SDE support for GaussAdjoint

[acoh64]

Not complete yet. Currently works for for gradients with respect to initial condition but not parameters.

[frankschae]

You will need to add up the vjp contributions from the drift and the diffusion in the integration.

[acoh64]

Just added a new commit where I include the diffusion vjp (I think?), but still doesn't seem to work

[ChrisRackauckas]

What's left here?

[acoh64]

What's left here?

@frankschae Could you take a quick look? I think the basics are in there, but still debugging why results are off

[frankschae]

I think you want to compute the following:
vec(g(u, p, t)*dW)

(sorry for the slow responses. I'm catching up rn -- got a bad cold.)

[acoh64]

I tried this too (see most recent commit) but don't seem to get the right results

[frankschae]

Did you check if it's the correct dW that's extracted?

[acoh64]

I guess I am a but confused because $dW$ should be a function of $t$, right?

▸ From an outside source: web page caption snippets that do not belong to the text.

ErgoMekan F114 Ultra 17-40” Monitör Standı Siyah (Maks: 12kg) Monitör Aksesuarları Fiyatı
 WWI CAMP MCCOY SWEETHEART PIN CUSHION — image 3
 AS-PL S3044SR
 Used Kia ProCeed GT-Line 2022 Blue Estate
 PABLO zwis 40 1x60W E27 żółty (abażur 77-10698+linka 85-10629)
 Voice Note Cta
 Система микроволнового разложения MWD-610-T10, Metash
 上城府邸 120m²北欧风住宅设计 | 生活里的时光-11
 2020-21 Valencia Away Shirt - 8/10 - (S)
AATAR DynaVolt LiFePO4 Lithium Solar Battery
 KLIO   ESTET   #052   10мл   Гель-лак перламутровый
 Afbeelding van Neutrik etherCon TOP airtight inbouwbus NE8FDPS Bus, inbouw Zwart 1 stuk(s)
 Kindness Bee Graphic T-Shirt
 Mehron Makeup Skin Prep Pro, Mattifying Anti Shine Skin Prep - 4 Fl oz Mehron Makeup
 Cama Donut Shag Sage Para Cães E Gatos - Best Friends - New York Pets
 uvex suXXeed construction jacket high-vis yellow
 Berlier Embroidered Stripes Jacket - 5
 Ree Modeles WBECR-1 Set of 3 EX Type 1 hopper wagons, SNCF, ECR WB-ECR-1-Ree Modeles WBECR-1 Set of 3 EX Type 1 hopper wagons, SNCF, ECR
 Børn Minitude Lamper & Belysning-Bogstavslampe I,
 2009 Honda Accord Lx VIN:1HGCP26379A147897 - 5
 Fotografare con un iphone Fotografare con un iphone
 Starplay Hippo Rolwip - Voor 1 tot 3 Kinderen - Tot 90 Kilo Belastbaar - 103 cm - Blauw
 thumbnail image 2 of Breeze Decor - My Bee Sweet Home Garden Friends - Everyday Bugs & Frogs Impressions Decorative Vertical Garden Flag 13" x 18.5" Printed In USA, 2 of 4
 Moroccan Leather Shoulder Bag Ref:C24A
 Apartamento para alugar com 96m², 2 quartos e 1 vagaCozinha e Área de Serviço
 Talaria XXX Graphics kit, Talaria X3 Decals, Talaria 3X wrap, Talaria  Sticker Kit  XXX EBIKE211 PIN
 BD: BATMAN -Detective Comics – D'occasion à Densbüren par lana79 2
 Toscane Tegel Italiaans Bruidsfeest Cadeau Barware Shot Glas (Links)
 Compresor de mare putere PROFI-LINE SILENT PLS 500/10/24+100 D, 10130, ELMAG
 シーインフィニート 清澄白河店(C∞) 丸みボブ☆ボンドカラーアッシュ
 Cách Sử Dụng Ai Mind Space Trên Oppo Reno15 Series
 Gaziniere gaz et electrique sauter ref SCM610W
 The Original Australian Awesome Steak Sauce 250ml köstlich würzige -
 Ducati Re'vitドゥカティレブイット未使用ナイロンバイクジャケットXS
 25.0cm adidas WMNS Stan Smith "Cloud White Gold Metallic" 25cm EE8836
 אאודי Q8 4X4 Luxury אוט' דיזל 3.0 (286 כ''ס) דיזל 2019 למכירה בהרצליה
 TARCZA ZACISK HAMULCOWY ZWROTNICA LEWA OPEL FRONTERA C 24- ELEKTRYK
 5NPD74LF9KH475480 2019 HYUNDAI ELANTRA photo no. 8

The SDE solution type only stores $W$ as a function of time. Should I use $dW_i = W_{t_{i+1}} - W_{t_i}$, or am I misunderstanding something?

[frankschae]

Yes, in your current version, you assume dW to be constant. If you use several Gauss points for the integral (how many do you use?), you should probably compute dW appropriately for those times.

[frankschae]

they do have an order -- EM is 0.5 strong/ 1 weak 😅

$dW_i = W_{t_{i+1}} - W_{t_i}$

[acoh64]

Ok thanks! Should these be the $t_{i}$'s from the forward pass? Then in the backwards pass, should the $t$'s that the solver stops at be identical to the forward pass?

[frankschae]

I think for now the best thing to do to check the implementation is to make sure it only uses $t$ values that were encountered in the forward pass -- in general I think it's not strictly necessary because we can draw from a Brownian bridge... but this likely increases the variance of the estimate.

[acoh64]

that makes sense, thanks. I will try to implement this now

[acoh64]

I can force the solver stop at the $t$ values from the forward pass but I don't think it is possible to ensure that the Gauss points for computing the integral are always at these points. Should I just interpolate or will I have to use a Brownian bridge?

[acoh64]

@ChrisRackauckas, is there a way to access all the dWs from the forward solve to build an interpolant for evaluating it at the Gauss points during the integral calculation? I think currently only the final dW is stored in the solution struct. Thanks!

[ChrisRackauckas]

It should be there if you did save_noise and save_everystep

[acoh64]

It should be there if you did save_noise and save_everystep

Ah I see, this is what is stored in sol.W.u. I will try to build a linear interpolant with this

[ChrisRackauckas]

IIRC dW already has an interpolation on it.

[acoh64]

There only seems to be interpolation for W, dW is just a float

[ChrisRackauckas]

dW is the difference of the W's . You wouldn't ever want to interpolate that.

[acoh64]

Should I use the bridge function in W then? Although I am not exactly sure what all the arguments to it are since it is different than what I have seen before.

[ChrisRackauckas]

@frankschae do you think you can find time for this?